Straights Times: 16 December 2015
There was an awkward silence at this week’s press conference on the now three-year-long disappearance of Laotian civil society activist Sombath Somphone.
The roomful of journalists at the Foreign Correspondents’ Club of Thailand – who traditionally compete for their turn at the microphone – had no more question after the first was asked and answered on Monday (Dec 14).
Like so many other incidents of enforced disappearances around the region, the case of Mr Sombath was one that has drawn many queries and yielded little answers since he vanished after being stopped at a police checkpoint on Dec 15, 2012.
Human rights activists allege that key individuals or groups in the landlocked communist state have been intimidated against talking about the case.
The Laotian authorities, say human rights activists, have stopped providing updates about the investigation and have shown little inclination to pursue a case that according to the International Commission of Jurists’ representative Sam Zarifi is “eminently solvable”.
Mr Sombath is a well-respected advocate for sustainable development who received a Magsaysay Award in 2005 for his community leadership. But his work was thought to have upset powerful interests in the country.
His disappearance has left his wife, Singaporean-born Ng Shui Meng, in a limbo. She was not present at the press conference. Poignantly, her reflections were voiced by one of Thailand’s national human rights commissioners, Ms Angkhana Neelapaijit, whose own husband “disappeared” 11 years ago.
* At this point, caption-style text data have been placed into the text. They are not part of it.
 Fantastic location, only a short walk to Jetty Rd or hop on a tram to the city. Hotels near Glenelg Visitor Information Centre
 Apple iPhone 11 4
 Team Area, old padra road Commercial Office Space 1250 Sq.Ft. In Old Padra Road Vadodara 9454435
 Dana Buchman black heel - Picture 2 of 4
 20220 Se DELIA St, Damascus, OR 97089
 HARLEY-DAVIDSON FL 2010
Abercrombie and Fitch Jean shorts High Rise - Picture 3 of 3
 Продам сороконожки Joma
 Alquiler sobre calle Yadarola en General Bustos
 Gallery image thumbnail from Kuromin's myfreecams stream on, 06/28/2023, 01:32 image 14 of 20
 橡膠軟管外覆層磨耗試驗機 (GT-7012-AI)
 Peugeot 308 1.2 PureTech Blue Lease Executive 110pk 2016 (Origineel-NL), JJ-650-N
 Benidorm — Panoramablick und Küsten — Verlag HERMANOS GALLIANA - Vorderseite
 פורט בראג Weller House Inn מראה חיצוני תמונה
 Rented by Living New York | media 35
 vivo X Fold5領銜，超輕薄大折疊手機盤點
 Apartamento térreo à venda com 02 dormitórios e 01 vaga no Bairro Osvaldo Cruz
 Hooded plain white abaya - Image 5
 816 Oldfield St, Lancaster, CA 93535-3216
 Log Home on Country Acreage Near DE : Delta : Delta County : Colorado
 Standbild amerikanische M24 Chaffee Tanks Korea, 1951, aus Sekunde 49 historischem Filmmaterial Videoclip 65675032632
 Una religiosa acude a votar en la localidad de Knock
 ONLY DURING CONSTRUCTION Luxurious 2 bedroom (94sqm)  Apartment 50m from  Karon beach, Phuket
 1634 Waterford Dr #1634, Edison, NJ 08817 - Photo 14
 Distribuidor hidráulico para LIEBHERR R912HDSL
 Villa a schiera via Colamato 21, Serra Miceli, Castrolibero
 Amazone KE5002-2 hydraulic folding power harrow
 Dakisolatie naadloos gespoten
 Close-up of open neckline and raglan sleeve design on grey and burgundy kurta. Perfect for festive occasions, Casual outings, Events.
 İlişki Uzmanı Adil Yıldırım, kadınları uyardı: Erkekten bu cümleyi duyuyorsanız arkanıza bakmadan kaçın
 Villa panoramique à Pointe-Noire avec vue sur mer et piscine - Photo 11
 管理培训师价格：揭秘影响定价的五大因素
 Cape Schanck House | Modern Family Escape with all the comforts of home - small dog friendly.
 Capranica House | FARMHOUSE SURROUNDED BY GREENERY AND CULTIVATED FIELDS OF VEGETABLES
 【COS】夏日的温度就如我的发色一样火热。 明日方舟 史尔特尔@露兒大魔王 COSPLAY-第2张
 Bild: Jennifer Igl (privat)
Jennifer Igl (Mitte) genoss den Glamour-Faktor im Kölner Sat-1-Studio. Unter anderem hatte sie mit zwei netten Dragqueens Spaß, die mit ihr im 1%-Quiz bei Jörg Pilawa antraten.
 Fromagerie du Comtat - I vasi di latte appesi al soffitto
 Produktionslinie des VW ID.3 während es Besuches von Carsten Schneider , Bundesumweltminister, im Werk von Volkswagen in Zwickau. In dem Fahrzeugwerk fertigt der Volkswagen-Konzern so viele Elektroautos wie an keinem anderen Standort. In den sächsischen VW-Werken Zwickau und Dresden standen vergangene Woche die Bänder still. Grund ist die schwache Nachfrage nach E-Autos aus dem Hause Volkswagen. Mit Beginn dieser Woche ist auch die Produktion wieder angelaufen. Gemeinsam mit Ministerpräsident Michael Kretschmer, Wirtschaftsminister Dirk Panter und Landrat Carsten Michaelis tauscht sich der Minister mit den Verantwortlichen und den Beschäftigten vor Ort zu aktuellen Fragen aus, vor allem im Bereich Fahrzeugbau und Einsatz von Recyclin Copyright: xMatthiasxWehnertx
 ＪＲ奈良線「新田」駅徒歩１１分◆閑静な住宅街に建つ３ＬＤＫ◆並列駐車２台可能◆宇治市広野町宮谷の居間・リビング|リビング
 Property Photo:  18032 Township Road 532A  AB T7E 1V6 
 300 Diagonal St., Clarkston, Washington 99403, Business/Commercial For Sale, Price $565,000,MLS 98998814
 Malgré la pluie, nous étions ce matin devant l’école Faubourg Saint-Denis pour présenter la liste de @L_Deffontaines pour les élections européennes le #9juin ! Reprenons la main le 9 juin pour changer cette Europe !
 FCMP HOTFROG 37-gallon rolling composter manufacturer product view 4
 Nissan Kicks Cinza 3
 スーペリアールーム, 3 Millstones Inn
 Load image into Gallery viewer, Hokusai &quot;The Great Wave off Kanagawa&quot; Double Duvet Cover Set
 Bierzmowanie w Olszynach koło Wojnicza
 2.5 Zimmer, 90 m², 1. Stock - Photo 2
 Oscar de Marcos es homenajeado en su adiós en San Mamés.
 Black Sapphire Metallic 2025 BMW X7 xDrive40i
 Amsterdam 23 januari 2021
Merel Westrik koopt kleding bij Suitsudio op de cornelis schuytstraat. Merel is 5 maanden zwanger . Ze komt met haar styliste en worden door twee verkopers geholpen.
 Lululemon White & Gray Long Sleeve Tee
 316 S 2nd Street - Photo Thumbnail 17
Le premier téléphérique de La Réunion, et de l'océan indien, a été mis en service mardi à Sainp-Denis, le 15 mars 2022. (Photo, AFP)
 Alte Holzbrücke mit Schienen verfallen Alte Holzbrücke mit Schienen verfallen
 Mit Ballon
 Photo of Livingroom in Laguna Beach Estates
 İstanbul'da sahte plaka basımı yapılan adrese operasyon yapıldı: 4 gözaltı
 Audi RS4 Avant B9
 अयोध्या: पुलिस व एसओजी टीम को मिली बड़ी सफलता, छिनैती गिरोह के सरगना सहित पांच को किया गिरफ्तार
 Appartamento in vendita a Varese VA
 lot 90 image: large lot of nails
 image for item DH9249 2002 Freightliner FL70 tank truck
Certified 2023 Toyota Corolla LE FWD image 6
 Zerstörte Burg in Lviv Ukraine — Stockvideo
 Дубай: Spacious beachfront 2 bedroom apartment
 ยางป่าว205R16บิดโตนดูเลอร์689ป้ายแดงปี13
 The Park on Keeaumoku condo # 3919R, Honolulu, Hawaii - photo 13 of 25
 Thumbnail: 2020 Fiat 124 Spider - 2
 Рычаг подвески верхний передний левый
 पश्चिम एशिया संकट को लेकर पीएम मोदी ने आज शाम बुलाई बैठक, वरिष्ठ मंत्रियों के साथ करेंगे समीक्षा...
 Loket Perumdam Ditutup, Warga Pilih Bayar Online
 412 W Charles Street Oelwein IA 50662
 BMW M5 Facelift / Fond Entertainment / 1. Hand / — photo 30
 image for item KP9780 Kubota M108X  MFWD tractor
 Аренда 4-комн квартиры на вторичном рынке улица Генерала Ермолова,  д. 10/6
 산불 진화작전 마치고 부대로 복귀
“It is like a knife that is permanently embedded in my heart,” she read.
The spouse of someone who is neither officially dead nor missing fights a constant battle against fading public memory.
Speaking via Skype from Jakarta on Monday – Dr Ng said that the district office that oversees the couple’s neighbourhood in Laos last year (2014) sent a family registration book that did not include Mr Sombath’s name.
After Dr Ng went to the police to query it, the police stamped the old family registration book to keep it valid.
“You hope that he won’t be forgotten. You hope that the case remains in the public consciousness, you hope that the government which has promised that it would continue the investigation lives up to its promise,” says Dr Ng.
“How can you forget a person who has lived with you for so many years? A person that is the most important or precious person in your life? … Time cannot erase that person from your memory. So even though everybody else may forget, I cannot forget.”
The couple first met in the 1970s as students in Hawaii. These days, Dr Ng spends most of her time running a handicraft social enterprise in Laos, as well as advocating against enforced disappearances.
People around her “try to be as helpful as possible”. “But everybody has his or her own life to lead. And you just have to cope with this very painful situation,” she says.
“You always feel alone even though other people reassure you that they are with you, that they are thinking about you and they are thinking about Sombath.”
Mr Sombath was a kind, caring husband whose sense of humour made “life a pleasure”. His last words to her, before he disappeared that day in 2012, was “let’s go home for dinner.”
Three years have passed, and Dr Ng clings on to the hope that he is still alive.
“It’s that hope which keeps me going,” she says.